D'une époque palpitante, mais fragile


À l'heure de l'apéritif remonte à la surface la période théâtrale de mon père. J'ai toujours connu ces verres, imprimés en 1958. C'est aussi la date de son changement de vie radical. À quarante ans, fauché, il allait retourner à l'école pour pouvoir nous nourrir. Les couleurs vives des affiches reproduites soulignent l'exaltation de cette période où mon père avait été agent littéraire et producteur de spectacles. Son nom figure sur tous, mais il est étonnant qu'y soit stipulé sur plusieurs sa fonction de représentant, puisque c'est le métier qu'il exercerait désormais, moins glamour que les coulisses d'où il apercevait les feux de la rampe. Je crains de boire dedans pour ne pas les casser. Celui de Jésus la Caille au Théâtre Gramont est déjà fêlé. C'est un roman de Francis Carco "mis en tableaux" par Frédéric Dard (San Antonio). Son deuxième roman au Fleuve Noir, Les souris ont la peau tendre, est d'ailleurs dédié "Pour Jean Birgé, qui ne craint pas les coups durs, affectueusement, S.A.". Je possède un film où on les voit jouer à saute-mouton. Dard, dont mon père avait lancé la carrière, l'avait lâché lorsqu'il avait commencé à avoir du succès. Un classique ! J'étais fasciné par le perroquet de Carco qui habitait le long de la Seine. Je reconnais aussi les comédiens dont les noms étaient souvent prononcés à la maison : Héléna Bossis, Philippe Lemaire, Jean-Jacques Delbo, Lila Kedrova, Daniel Cauchy... Je découvre avec stupeur qu'il y avait même Léon Larive qui jouait dans La vie est à nous de Renoir et dont l'air ahuri a servi de couverture à Trop d'adrénaline nuit, le premier disque d'Un Drame Musical Instantané. Les affiches n'ont pas perdu leur éclat, mais le verre semble fragile.
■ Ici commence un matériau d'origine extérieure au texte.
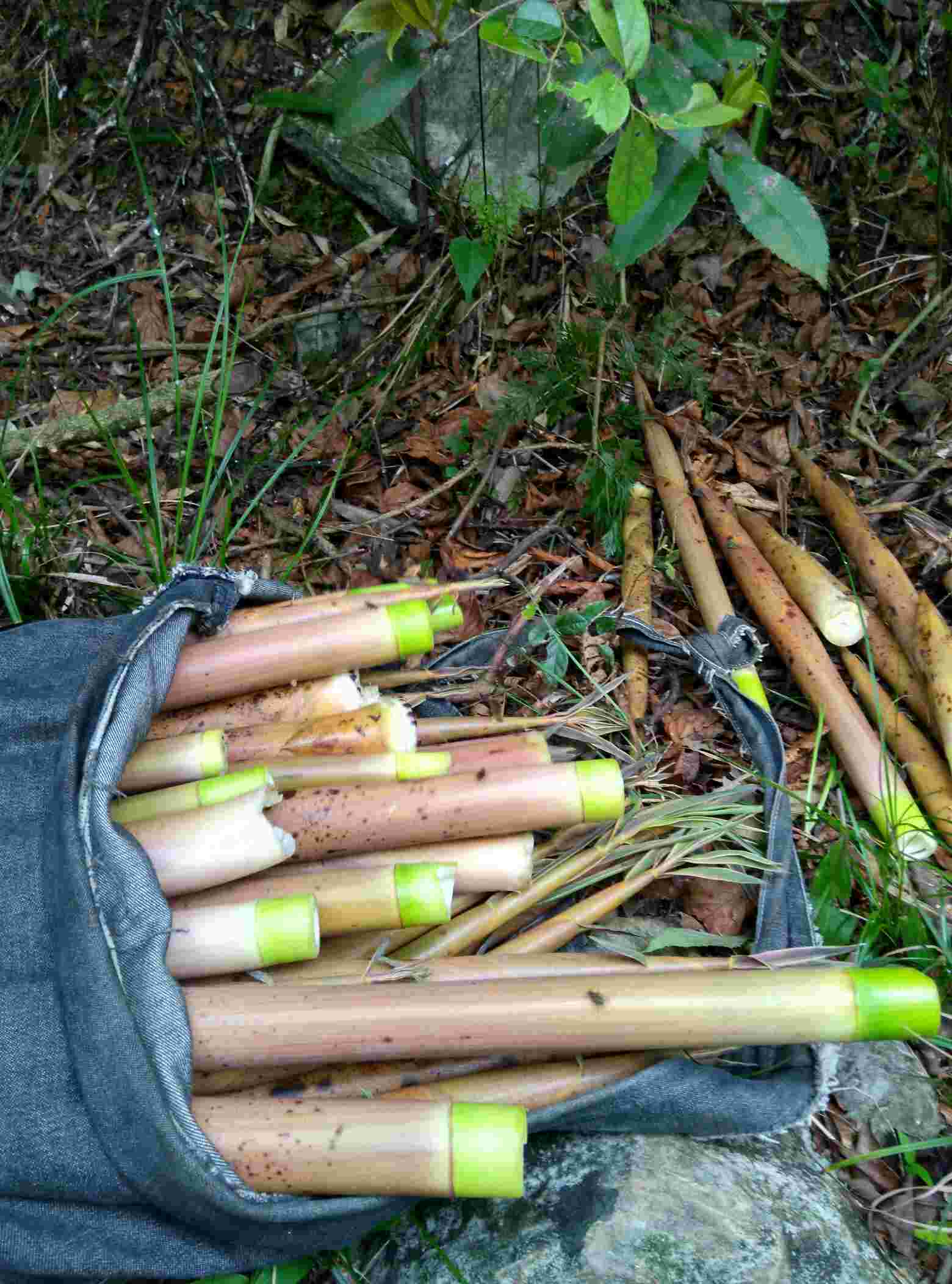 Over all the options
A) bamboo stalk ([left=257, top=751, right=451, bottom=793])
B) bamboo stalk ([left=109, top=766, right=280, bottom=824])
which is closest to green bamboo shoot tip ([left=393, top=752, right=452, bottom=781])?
bamboo stalk ([left=257, top=751, right=451, bottom=793])

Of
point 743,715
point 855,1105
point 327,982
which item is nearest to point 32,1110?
point 327,982

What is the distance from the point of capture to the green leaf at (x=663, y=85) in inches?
67.6

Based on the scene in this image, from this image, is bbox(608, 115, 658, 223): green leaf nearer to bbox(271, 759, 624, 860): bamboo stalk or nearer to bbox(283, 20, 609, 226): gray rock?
bbox(271, 759, 624, 860): bamboo stalk

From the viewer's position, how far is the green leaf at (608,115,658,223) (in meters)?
1.69

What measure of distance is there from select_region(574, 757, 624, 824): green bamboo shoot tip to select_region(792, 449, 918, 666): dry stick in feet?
2.81

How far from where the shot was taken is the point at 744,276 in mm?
3359

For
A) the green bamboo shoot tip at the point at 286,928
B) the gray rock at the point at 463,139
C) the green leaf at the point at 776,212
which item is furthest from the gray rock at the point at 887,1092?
the gray rock at the point at 463,139

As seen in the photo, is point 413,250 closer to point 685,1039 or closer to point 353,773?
point 353,773

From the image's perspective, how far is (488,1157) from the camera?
1.41m

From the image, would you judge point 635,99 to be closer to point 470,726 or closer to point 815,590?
point 815,590

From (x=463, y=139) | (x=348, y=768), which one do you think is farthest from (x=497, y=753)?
(x=463, y=139)

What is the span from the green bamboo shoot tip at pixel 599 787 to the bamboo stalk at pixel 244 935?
0.51 m

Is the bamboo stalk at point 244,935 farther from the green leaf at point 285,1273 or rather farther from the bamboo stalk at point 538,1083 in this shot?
the green leaf at point 285,1273

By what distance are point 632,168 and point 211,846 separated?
1.31 metres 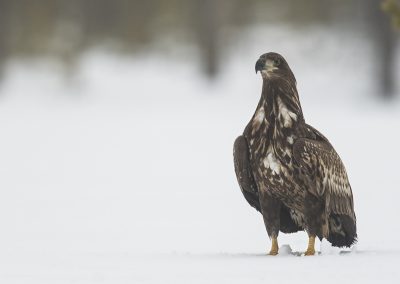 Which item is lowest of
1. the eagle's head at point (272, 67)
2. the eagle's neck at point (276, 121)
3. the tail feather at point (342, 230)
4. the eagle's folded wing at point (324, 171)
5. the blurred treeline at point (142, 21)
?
the tail feather at point (342, 230)

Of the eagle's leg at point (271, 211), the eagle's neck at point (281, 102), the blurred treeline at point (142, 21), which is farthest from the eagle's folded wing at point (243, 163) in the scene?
the blurred treeline at point (142, 21)

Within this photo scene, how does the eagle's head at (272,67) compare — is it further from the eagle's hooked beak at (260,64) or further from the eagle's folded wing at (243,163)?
the eagle's folded wing at (243,163)

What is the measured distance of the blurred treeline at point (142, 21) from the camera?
34344 mm

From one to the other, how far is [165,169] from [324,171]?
1188cm

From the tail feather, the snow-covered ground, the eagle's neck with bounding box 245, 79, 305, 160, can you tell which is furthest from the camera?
the tail feather

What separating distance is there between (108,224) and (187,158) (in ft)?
25.0

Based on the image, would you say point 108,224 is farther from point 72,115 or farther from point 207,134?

Cela résume bien cette époque extraordinaire, mais difficile, de notre famille.
Bel-Ami, 2 tableaux de Dard d'après Maupassant au Théâtre de la Renaissance, Du plomb pour ces demoiselles, 3 actes de Dard au Grand Guignol, Tartempion, comédie de Dard et Grancher au Théâtre de la Renaissance, La garce et l'ange, spectacle de Michel de Ré avec un drame de Dard encore au Grand Guignol, Nos ancêtres les Gaulois, comédie burlesque de Dard au Théâtre La Bruyère, ne m'évoquent que la passion de mon père pour le milieu du spectacle qu'il avait dû quitter à contre-cœur. Je comprends pourquoi j'incarnais sa revanche, ce dont il était si fier. L'un des verres est consacré aux Ballets de Janine Charrat au Théâtre des Champs Élysées, créations qu'il avait "organisées", Les algues, Le colleur d'affiches, Héraklès, Gestes pour un génie. Les verres sont signés Marcy, mais il me semble que c'est la technique sérigraphique en relief et non l'affiche.
Le verre auquel je tiens le plus est évidemment celui de Nouvelle-Orléans avec Sidney Bechet, Mattye Peters, Sarah Rubine, Béatrice Arnac, Roger Lacoste... Mon père avait produit cette opérette de Jean Suberville et Pascal Bastia mise en scène par Pasquali. C'est le seul spectacle auquel j'ai assisté. Je m'en souviens très bien, pour être allé souvent aux répétitions. J'ai raconté comment Sidney m'avait fait souffler dans son soprano et laissé gagner à la boxe sur ses genoux ! J'avais cinq ans. J'ai évoqué aussi l'entrée en scène fracassante de Jacques Higelin à qui mon père avait donné son premier rôle et qui me terrorisait avec sa coiffe de plumes et son cri de chef indien. À la première, l'orchestre descendu dans la salle envoya de vrais oignons sur le public, mais pour les représentations suivantes ils furent remplacés par des cotillons en forme d'oignons qui collaient aux vêtements. J'adorais.
Je possède très peu d'objets ayant appartenu à mon père. J'ai fait passer les verres du placard où ils étaient cachés à une vitrine où je peux les admirer avec un pincement au cœur. C'était l'époque où mes parents me laissaient seul avec ma petite sœur dont j'avais la garde. Nous vivions dans un meublé rue Vivienne dont je pourrais encore dessiner le plan. Un Paris d'avant, d'avant 1968. La capitale changea brusquement de couleur. Elle est passée du gris au rouge et noir, avant d'exploser en couleurs psychédéliques. Il est difficile d'imaginer la France de l'après-guerre, c'est pour moi celle que l'on aperçoit dans Le ballon rouge, merveilleux court métrage de Lamorisse. Ce mois-ci je fête donc l'anniversaire de ma seconde naissance. Il y a exactement cinquante ans. Alors, santé !

jeudi 17 mai 2018

Science-fiction et livres reliés à vendre


Je ne sais pas comment m'y prendre. Mon père possédait une bibliothèque de 7000 livres et la mienne est déjà saturée. Les polars sont en route vers les quais de la Seine, mais il me reste des milliers de bouquins de science-fiction comme la collection complète du CLA, le Club du Livre d'Anticipation, soit 130 reliures numérotées et illustrées par des dessinateurs comme Druillet, Moebius, Caza, Slocombe, Nicolas Devil. Il y aussi la collection Ailleurs et Demain aux moires argentées de chez Robert Laffont et puis la collection Métal que mon père avait éditée avec Jacques Bergier, ou encore tous les magazines Fiction, Galaxie, Mystère, etc., etc. Qui cela peut-il bien intéresser aujourd'hui ?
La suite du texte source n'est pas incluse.